**Data shown:**
╭──

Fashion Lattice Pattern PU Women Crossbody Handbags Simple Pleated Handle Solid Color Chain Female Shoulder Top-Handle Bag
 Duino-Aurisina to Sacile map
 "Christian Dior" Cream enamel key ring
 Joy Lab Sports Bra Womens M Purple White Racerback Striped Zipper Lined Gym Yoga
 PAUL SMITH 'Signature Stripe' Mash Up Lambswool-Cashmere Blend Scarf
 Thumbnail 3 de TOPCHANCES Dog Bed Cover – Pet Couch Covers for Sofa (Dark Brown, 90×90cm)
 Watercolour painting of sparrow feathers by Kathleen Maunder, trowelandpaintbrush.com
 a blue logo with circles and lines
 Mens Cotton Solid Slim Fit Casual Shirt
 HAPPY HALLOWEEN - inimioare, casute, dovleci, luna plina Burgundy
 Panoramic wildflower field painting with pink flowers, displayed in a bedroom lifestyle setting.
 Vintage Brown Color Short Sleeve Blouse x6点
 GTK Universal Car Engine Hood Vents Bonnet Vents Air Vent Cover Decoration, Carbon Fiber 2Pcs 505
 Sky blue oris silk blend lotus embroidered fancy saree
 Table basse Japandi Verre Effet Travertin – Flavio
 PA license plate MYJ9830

╰──

**Task requirements:**
Take the line containing "Mens Cotton Solid Slim Fit Casual Shirt" and each line after it up to the last line of the listing, and print them exactly.

**Answer box:**
 Mens Cotton Solid Slim Fit Casual Shirt
 HAPPY HALLOWEEN - inimioare, casute, dovleci, luna plina Burgundy
 Panoramic wildflower field painting with pink flowers, displayed in a bedroom lifestyle setting.
 Vintage Brown Color Short Sleeve Blouse x6点
 GTK Universal Car Engine Hood Vents Bonnet Vents Air Vent Cover Decoration, Carbon Fiber 2Pcs 505
 Sky blue oris silk blend lotus embroidered fancy saree
 Table basse Japandi Verre Effet Travertin – Flavio
 PA license plate MYJ9830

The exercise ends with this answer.